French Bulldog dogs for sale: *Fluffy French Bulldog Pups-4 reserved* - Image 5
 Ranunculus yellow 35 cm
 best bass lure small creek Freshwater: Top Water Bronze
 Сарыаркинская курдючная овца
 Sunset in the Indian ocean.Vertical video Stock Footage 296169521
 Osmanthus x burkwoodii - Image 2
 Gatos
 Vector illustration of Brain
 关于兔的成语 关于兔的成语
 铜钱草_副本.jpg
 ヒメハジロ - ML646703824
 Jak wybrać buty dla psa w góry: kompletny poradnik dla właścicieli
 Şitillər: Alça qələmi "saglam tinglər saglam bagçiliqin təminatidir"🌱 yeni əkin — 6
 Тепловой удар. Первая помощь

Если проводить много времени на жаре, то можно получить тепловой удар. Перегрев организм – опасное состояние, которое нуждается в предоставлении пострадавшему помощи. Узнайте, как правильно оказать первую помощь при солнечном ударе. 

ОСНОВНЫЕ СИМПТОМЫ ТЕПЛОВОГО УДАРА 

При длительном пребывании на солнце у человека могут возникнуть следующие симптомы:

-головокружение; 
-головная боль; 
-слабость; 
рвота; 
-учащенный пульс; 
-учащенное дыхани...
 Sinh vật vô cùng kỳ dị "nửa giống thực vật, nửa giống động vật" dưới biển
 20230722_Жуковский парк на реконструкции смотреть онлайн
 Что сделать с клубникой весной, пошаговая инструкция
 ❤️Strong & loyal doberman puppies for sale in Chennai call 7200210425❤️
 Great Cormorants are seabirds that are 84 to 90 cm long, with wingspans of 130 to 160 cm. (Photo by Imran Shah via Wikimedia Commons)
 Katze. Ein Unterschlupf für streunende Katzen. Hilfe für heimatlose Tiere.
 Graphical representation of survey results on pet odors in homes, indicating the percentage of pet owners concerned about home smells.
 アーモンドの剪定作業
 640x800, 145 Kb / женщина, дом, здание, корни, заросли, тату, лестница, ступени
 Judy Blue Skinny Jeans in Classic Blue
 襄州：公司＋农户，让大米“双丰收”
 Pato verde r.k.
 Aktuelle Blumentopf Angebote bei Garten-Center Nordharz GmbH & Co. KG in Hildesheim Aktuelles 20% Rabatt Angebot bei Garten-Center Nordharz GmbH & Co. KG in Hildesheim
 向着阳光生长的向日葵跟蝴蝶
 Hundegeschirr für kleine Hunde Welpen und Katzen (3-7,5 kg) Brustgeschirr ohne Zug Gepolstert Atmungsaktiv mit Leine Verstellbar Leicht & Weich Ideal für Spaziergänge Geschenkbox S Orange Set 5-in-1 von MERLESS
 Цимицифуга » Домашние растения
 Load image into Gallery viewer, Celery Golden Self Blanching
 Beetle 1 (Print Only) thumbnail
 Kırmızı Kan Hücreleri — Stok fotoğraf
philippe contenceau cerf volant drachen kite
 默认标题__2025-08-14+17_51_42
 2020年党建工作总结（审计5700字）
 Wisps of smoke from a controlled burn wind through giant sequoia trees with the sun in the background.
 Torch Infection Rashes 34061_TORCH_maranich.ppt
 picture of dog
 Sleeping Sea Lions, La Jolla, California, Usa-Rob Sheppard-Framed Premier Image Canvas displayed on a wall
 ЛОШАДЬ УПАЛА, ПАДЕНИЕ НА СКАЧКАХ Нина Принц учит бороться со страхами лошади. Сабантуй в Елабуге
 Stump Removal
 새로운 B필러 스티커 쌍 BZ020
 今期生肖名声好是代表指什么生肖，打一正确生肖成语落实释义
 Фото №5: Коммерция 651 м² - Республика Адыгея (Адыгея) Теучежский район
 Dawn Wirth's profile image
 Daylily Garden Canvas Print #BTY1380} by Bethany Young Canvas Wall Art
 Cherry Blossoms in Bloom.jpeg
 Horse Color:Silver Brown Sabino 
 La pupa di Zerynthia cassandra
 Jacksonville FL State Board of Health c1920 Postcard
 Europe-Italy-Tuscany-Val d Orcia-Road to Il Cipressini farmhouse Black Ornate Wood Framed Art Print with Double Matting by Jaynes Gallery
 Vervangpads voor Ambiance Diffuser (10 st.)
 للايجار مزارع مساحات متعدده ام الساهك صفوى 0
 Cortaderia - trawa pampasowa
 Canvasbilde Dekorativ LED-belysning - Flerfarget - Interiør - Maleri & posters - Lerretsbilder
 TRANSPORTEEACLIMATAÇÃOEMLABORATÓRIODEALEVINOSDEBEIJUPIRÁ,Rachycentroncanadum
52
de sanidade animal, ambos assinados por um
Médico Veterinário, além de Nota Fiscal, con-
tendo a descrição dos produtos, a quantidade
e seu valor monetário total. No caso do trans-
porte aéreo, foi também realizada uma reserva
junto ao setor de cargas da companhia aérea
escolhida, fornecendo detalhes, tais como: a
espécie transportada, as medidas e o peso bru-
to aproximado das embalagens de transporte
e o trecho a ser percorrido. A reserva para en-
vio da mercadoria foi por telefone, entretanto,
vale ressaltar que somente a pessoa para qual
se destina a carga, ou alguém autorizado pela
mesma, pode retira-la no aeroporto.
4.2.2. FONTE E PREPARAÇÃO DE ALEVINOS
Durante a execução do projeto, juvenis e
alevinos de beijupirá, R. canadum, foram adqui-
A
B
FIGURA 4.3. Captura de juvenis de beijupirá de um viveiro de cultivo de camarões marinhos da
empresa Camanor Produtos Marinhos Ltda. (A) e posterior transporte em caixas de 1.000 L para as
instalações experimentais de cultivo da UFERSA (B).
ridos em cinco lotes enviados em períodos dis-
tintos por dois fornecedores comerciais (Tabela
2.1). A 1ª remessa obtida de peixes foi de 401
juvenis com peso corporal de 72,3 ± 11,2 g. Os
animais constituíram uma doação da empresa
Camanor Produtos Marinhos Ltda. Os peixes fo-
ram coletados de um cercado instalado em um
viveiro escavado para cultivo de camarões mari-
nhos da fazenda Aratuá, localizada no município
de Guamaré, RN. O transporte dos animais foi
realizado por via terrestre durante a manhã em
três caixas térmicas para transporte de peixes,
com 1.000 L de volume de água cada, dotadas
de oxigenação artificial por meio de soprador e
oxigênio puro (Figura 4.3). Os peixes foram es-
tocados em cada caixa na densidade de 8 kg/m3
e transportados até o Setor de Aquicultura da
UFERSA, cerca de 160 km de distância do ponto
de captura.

What you will do >> Your job is to copy out every line from the records above that has the word "помощь".

Solution >>
 Тепловой удар. Первая помощь
Если проводить много времени на жаре, то можно получить тепловой удар. Перегрев организм – опасное состояние, которое нуждается в предоставлении пострадавшему помощи. Узнайте, как правильно оказать первую помощь при солнечном ударе. 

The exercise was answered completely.